If credit card companies had it their way, consumers would charge any and every purchase they make every single day of their lives. Unfortunately, that would only be fun until it came time to pay the enormous bill. While it can be difficult to resist temptation from time to time, there are a few excellent reasons to put your cards away and refrain from making another purchase on credit.
1. Exercising Self-Control Pays Off –
One of the first things children are taught is self-control. Because of this, many children grow up to be disciplined, responsible individuals–until they are given a credit card without understanding how to use it sensibly. All of a sudden, with this promise of “buy now pay later” self-control is thrown out the window, and the impulse buying commences. Not only does this impulsiveness make it more difficult to maintain control over other areas of your life, but it’s also a great way to rack up debt fast.

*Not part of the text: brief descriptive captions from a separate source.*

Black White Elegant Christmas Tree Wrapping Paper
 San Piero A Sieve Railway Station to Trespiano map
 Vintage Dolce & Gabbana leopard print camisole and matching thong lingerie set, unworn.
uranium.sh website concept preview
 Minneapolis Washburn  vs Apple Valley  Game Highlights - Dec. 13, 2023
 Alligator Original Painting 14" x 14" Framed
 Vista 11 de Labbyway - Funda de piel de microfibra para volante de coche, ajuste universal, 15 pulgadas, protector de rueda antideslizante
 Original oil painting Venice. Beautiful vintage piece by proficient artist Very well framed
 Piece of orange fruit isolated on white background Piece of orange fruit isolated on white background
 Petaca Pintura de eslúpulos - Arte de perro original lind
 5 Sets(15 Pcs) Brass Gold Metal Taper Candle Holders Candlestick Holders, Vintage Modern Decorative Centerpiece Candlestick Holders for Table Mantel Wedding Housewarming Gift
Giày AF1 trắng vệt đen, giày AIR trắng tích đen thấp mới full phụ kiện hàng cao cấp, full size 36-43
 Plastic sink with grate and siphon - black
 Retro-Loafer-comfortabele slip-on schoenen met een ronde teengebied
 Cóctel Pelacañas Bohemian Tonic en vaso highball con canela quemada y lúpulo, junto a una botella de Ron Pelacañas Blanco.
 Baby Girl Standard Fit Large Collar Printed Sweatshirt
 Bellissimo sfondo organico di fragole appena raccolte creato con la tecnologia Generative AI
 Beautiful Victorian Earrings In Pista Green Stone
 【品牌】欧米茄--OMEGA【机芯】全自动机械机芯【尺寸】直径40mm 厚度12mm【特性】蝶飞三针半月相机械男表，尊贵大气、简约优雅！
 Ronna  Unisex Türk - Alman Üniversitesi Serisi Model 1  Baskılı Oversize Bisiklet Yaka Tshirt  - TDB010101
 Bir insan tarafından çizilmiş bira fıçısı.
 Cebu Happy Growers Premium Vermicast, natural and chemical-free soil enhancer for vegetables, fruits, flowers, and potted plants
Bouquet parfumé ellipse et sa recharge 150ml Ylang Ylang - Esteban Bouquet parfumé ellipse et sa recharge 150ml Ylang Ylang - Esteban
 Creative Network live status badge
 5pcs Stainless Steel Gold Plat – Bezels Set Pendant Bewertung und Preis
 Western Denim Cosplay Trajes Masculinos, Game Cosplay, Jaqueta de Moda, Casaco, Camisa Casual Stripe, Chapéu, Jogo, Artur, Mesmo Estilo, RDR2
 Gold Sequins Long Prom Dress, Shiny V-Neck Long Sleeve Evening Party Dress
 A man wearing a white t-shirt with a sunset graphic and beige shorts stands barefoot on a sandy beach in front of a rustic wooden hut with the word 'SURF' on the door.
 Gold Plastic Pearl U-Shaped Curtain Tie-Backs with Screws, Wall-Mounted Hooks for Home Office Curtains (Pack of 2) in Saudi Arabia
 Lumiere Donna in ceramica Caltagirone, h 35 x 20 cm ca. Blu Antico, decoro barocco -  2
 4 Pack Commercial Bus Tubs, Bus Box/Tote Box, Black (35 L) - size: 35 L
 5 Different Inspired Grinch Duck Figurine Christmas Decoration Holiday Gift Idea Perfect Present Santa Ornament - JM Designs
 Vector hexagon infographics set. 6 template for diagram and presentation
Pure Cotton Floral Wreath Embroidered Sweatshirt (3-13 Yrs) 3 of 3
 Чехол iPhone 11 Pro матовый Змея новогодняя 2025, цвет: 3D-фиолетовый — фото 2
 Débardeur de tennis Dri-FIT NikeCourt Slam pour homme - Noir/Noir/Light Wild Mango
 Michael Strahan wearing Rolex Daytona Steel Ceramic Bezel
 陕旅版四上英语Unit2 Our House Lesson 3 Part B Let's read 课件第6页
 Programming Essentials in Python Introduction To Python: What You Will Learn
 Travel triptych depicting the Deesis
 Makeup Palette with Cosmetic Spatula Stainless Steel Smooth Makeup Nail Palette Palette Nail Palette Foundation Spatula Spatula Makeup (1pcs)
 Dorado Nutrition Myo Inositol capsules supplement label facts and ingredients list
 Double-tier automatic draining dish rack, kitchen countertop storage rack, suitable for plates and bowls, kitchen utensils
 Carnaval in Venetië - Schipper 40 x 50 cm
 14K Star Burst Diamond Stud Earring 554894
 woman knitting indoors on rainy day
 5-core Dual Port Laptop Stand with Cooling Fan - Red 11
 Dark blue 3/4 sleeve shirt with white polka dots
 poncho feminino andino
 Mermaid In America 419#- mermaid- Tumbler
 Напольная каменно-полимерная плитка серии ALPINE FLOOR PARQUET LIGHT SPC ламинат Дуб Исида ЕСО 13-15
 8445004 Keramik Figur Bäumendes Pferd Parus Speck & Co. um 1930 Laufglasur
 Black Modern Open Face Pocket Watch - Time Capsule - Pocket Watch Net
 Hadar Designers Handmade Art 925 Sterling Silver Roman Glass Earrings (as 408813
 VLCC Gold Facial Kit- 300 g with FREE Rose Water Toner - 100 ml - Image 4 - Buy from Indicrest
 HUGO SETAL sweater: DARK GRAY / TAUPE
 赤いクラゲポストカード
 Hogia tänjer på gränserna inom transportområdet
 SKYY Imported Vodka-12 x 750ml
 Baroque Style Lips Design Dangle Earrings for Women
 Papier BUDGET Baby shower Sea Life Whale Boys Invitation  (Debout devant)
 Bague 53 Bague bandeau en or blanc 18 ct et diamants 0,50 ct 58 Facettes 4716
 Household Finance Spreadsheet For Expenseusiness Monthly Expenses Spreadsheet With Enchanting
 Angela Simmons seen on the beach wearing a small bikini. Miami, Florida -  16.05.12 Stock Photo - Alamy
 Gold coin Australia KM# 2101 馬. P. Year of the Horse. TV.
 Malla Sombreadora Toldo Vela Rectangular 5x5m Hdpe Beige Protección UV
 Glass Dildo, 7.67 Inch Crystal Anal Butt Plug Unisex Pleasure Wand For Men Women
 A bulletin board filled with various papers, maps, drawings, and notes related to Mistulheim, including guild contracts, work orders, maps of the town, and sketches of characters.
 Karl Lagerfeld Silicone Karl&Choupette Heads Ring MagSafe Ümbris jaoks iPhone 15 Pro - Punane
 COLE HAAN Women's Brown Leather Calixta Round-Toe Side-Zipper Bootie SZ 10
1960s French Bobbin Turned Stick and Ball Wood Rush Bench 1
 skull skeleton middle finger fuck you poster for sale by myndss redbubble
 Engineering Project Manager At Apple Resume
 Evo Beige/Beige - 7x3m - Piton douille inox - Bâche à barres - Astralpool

Instead of being tempted to take yourself on a nice vacation or on a shopping spree that you can’t afford, remind yourself that self-control pays off. Yes, shopping on credit is fun at first, but when it comes time to buy a house or a new car, and you’re so in debt that you can’t afford it, you’ll regret every dollar you spent on a frivolous purchase.
2. If You Can’t Pay Cash, You Can’t Afford It –
Making purchases on credit could also mean that you’ve broken your budget. Every consumer needs a budget, and they should stick to that budget every month. This is the best way to make sure that your bills are paid and that you are building your savings account.
If you are making purchases, even small ones, on your credit card, then you are exceeding that budget. Each time you use your credit card, you are borrowing money, and that money needs to be paid back with interest included. If you need to borrow money to make a purchase, then either you don’t need the item in the first place or you need to re-calculate your budget and come up with the cash for it.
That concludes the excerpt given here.